For our purposes let us focus on the former and try to erase the mental image of the latter.  Ohio is a bellwether state because our voting trends are often reflective of the nation as a whole.  But what spots are bellwether’s of the state?  Leading up 2004 it was Stark County.  That’s why the New York Times covered the Bush-Kerry race through the pen of a reporter living there. Going into the race (with the exception of 1976) they had voted for the winner in every presidential election since 1964.  But when the votes were tallied four years ago Stark County had sided with John Kerry, the state with George Bush.


So as I poured over election results in the past couple of years and broke down the numbers I found the new Stark may very well be Lake.  Lake County’s numbers in the 2004 race mirrored the state of Ohio, which mirrored the nation.
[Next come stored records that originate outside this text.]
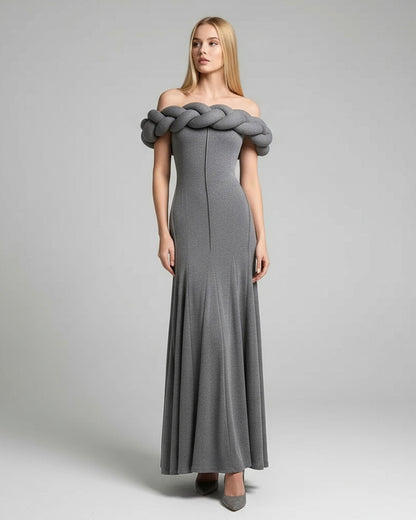 Woman wearing a gray off-shoulder dress with braided detailing on a plain background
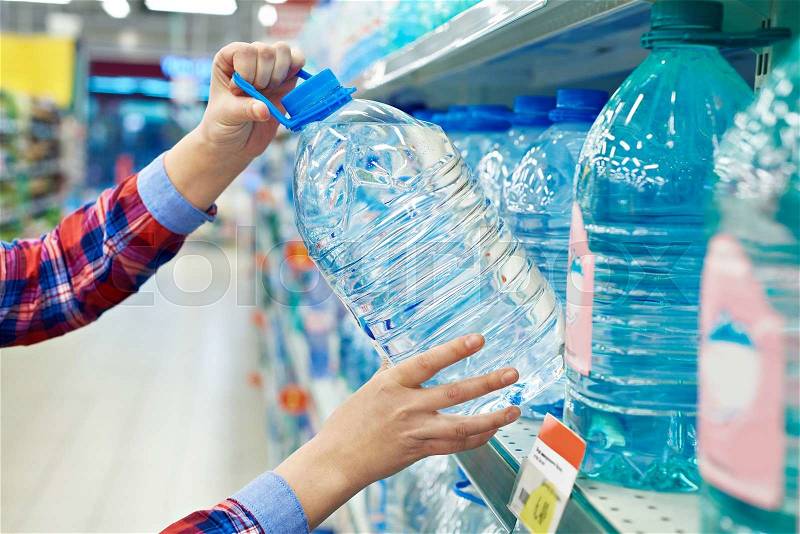 Woman buys bottle drinking water in shop, stock photo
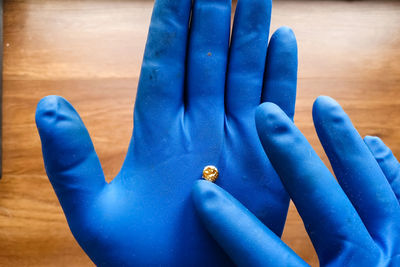 Close-up of hand on blue table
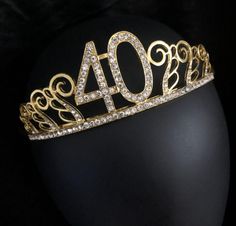 a gold tiara with the number forty four on it's headpiece, sitting on a black mannequin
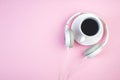Headphones, mobile phone, idiobook, coffee cup on a pink background. The concept of leisure and learning, hobby. Listen to music, Royalty Free Stock Photo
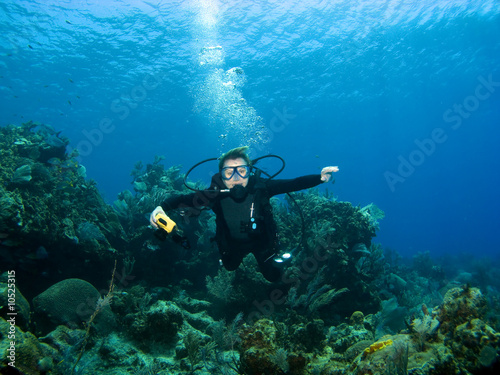 Smiling Scuba Diver descending on a Reef in Cayman Brac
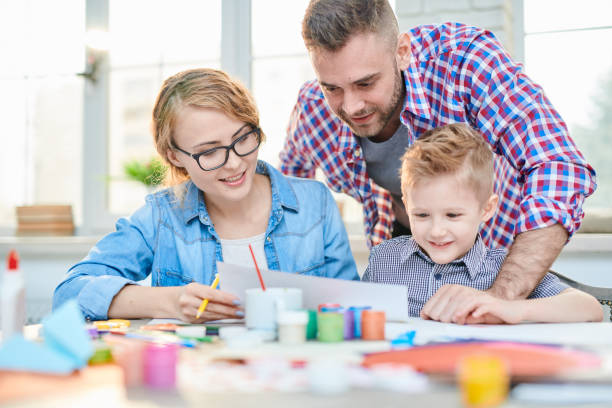 istock Loving Family Expressing Creativity 974702462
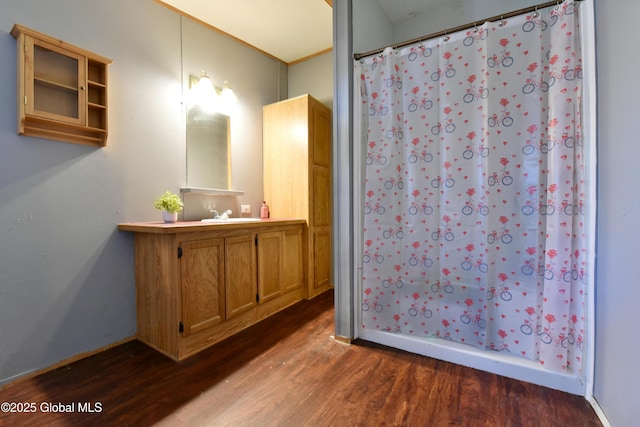 full bathroom featuring baseboards, a shower with shower curtain, vanity, and wood finished floors
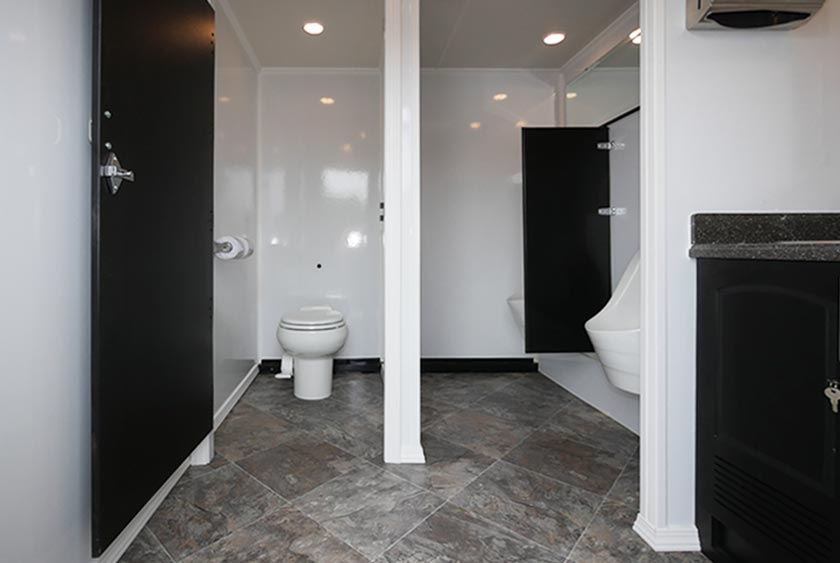 TWO URINALS AND ONE PRIVATE BATHROOM STALL ON MEN'S SIDE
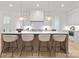 Bright, modern kitchen island with seating and pendant lights at 1321 Ferncliff Rd, Charlotte, NC 28211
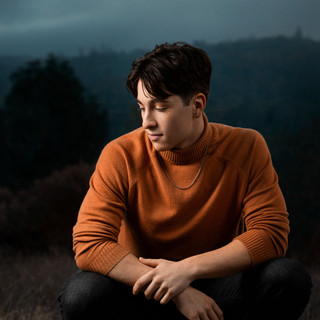 Dramatic High School Senior Portrait with orange turtleneck and white nikes with moody skies and artificial lighting.
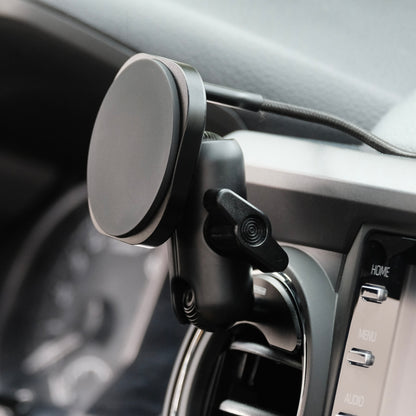 Image of Offroam MagSafe-compatible Phone Mount installed securely in Toyota Tacoma 2016-2023 | Tundra 2014-2021. This premium phone mount installs easily without drilling or glue. High force magnets hold phone on any trail, road, or track. Perfect placement without blocking screens, driver view, or air flow. Fully adjustable positioning.
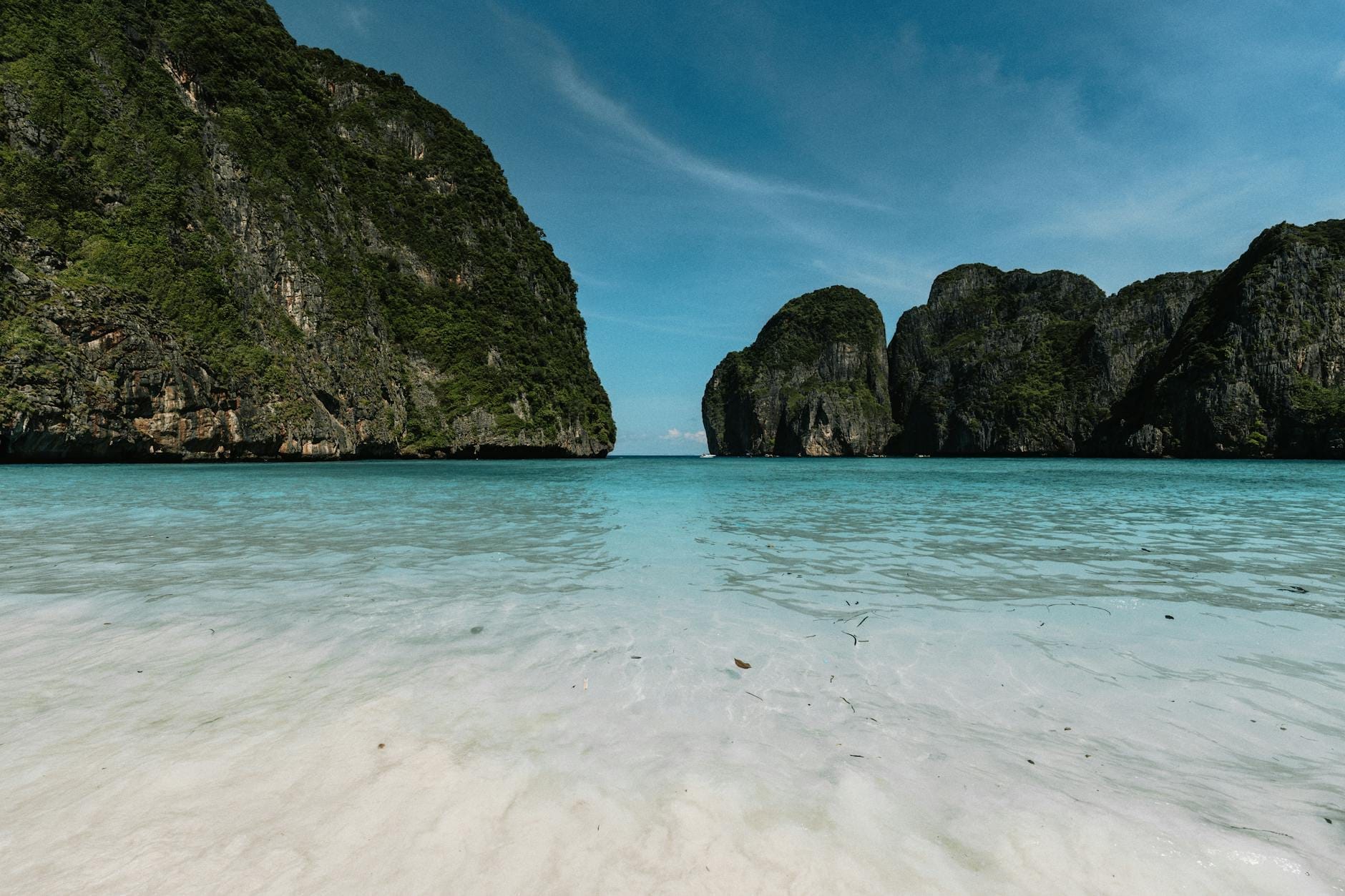 Wide view of Maya Bay’s turquoise water and white sandy beach framed by dramatic limestone cliffs under a clear blue sky, with no people visible.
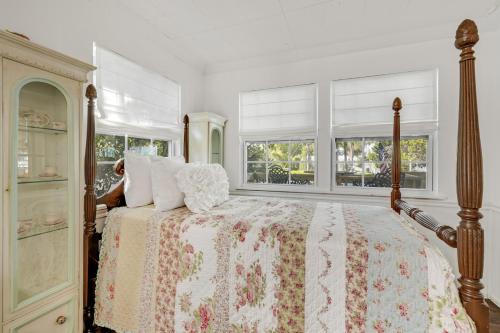 une chambre avec un lit et deux fenêtres dans l'établissement Tyson House Historic Downtown Cottage, à Cedar Key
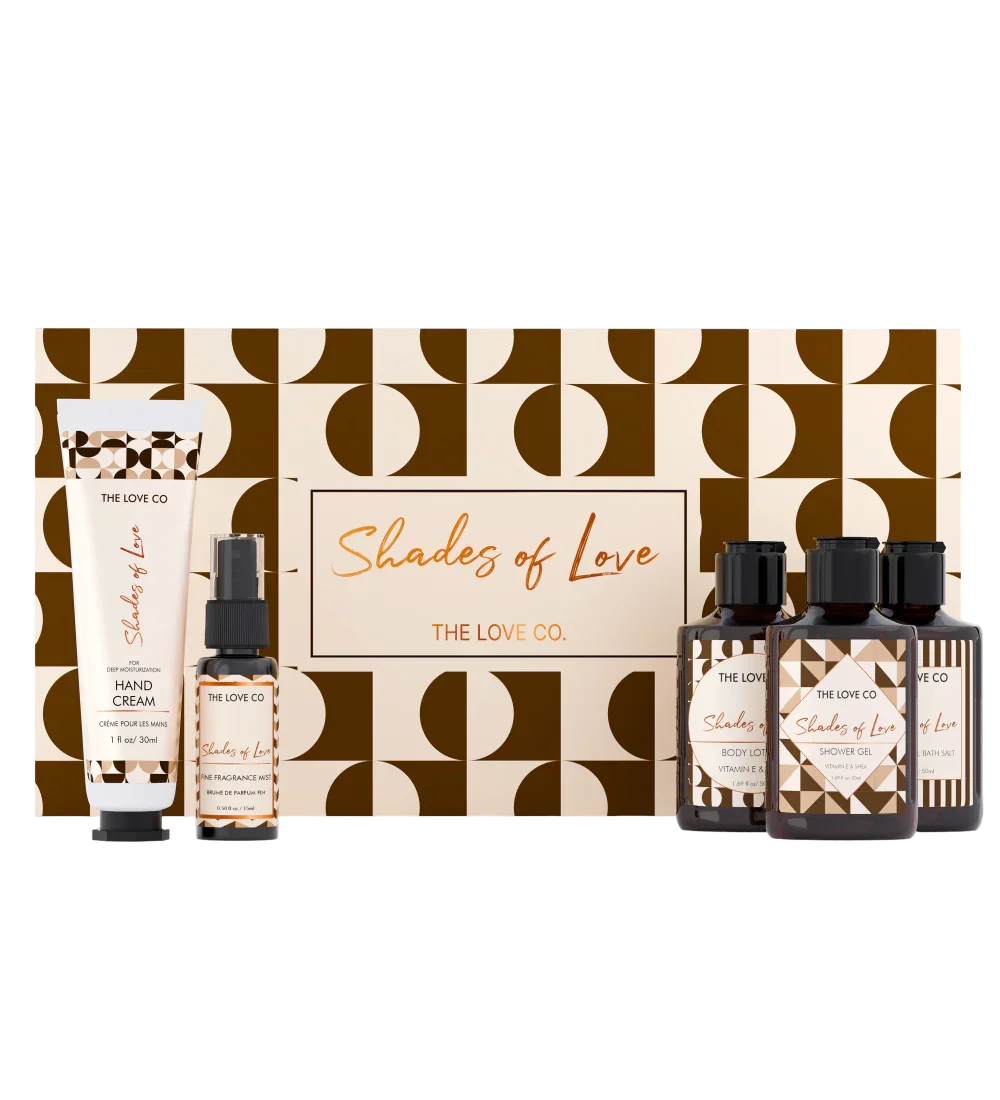 A collection of cosmetic products from Shades of Love, including a body wash, body lotion, bath salt, hand cream, and body mist, presented with a decorative background.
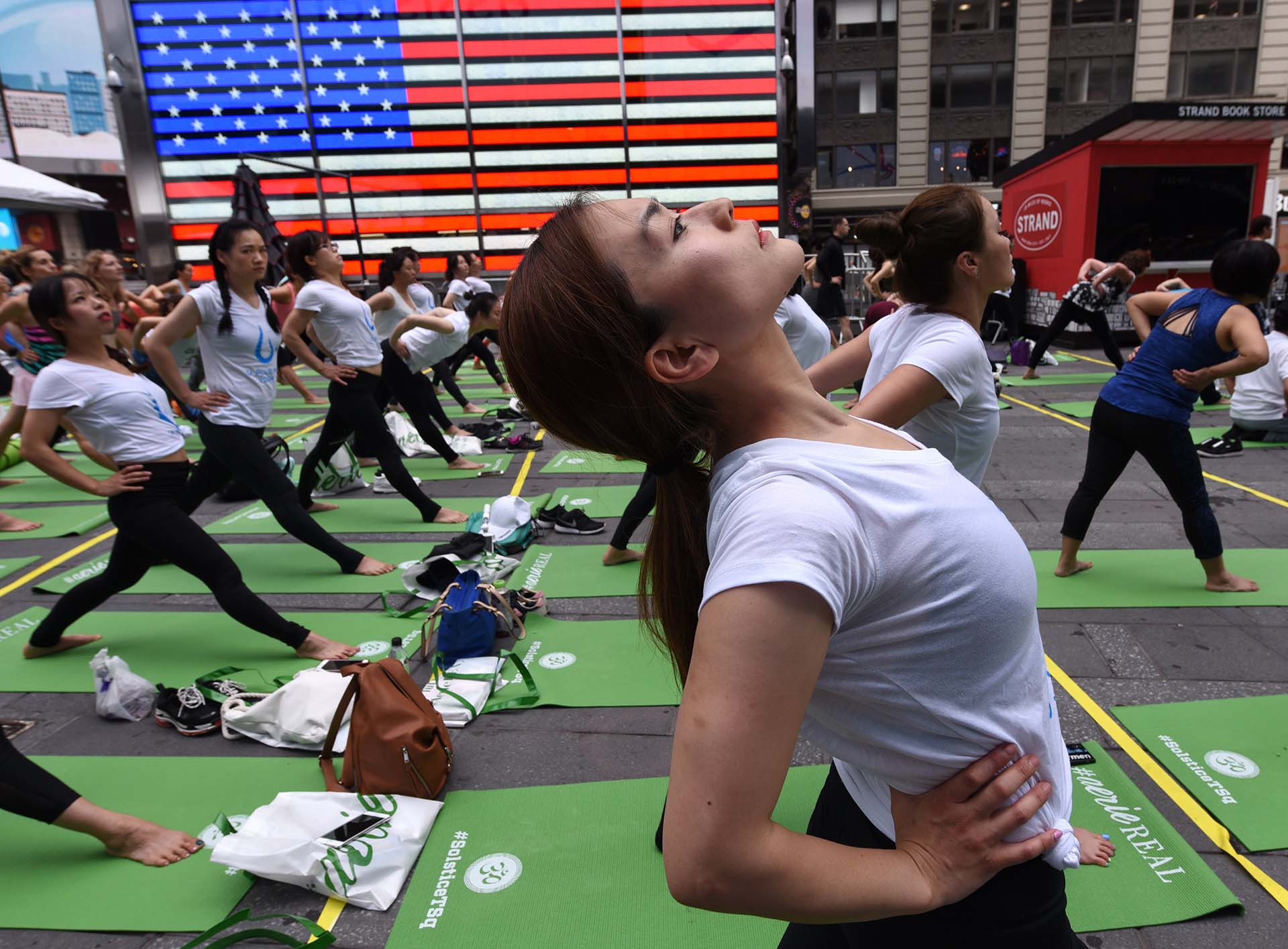 Thousands of people participate in “Mind Over Madness Yoga”, an annual all-day outdoor yoga event during the summer solstice in Times Square on June 21, 2018 in New York. / AFP PHOTO / TIMOTHY A. CLARY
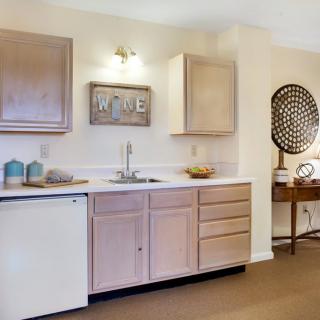 A cozy kitchen space with wooden cabinets and stylish decor.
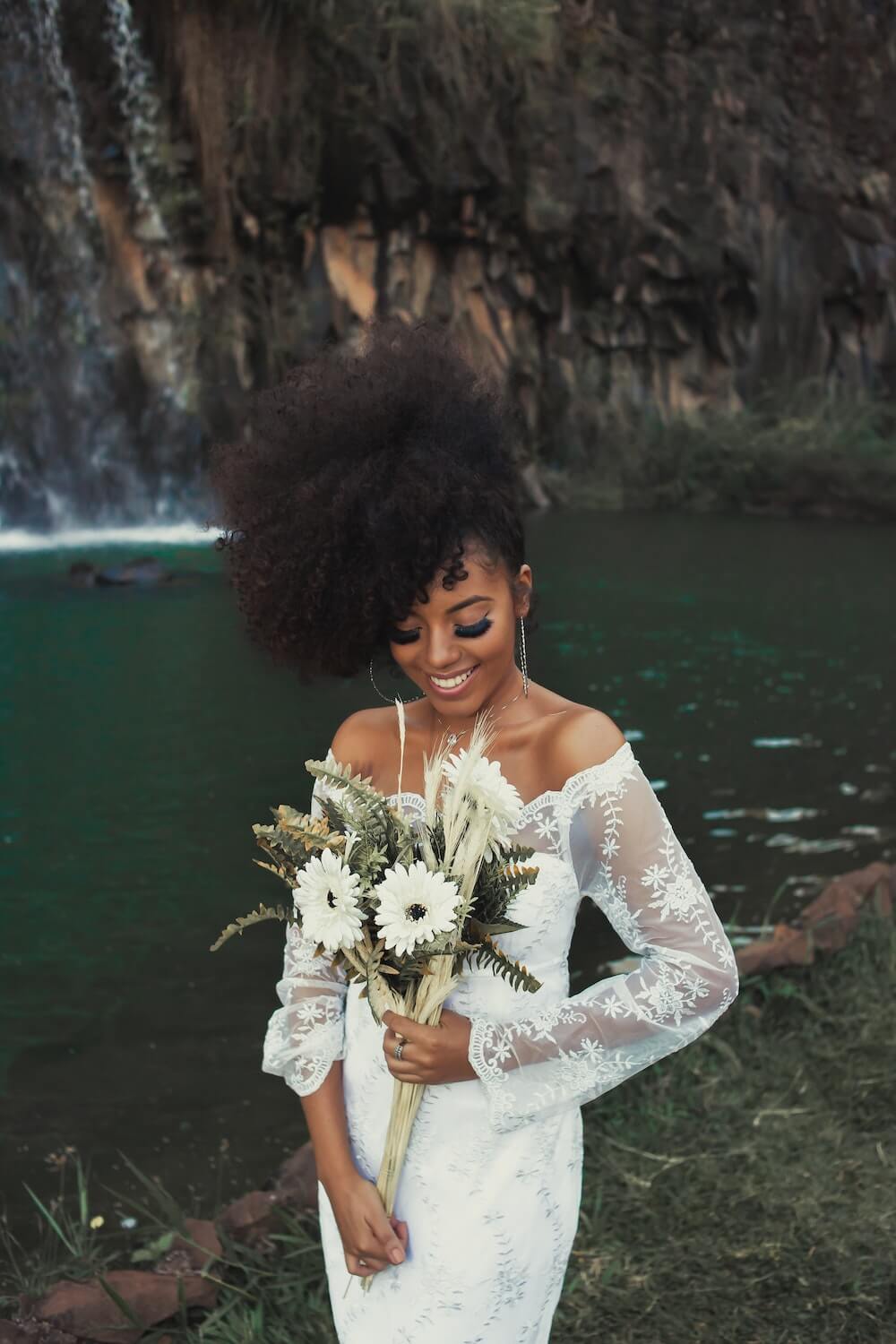 Woman standing near water holding bouquet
National Totals;              Ohio                     Lake County:

George Bush   50.73%    Bush: 50.81%       Bush  51.3%

John Kerry      48.27%     Kerry 48.71%        Kerry 48.7%


The numbers in the 2006 race U.S. Senate and Governor look similar;


Ohio                                 Lake County:

Sherrod Brown  56.16%      Brown     57.14%

Mike DeWine   43.82%       DeWine  42.85%


Ohio                                 Lake County:

Ted Strickland  60.54%      Strickland  66.32%

Ken Blackwell  36.65%      Blackwell   33.67%


Even in the Democratic primary in March the numbers were that far off from the rest of the state;


Ohio:                                 Lake County:

Hillary Clinton:   66.06%      Clinton:   62.13%

Barack Obama  30.81%      Obama:   36.37%

John Edwards     3.13%       Edwards:   1.5%


So what does that mean? For us on election night it may provide us with an early indication of how the state will go.  The Lake County Board of Elections is one of the fastest in the state for getting in election results.  That’s important because the state numbers will hinge on the Cuyahoga County vote which as we know you can’t put a time frame on.  So if you want to get an early indication of who the next president will be you may want to keep your eye on Painesville.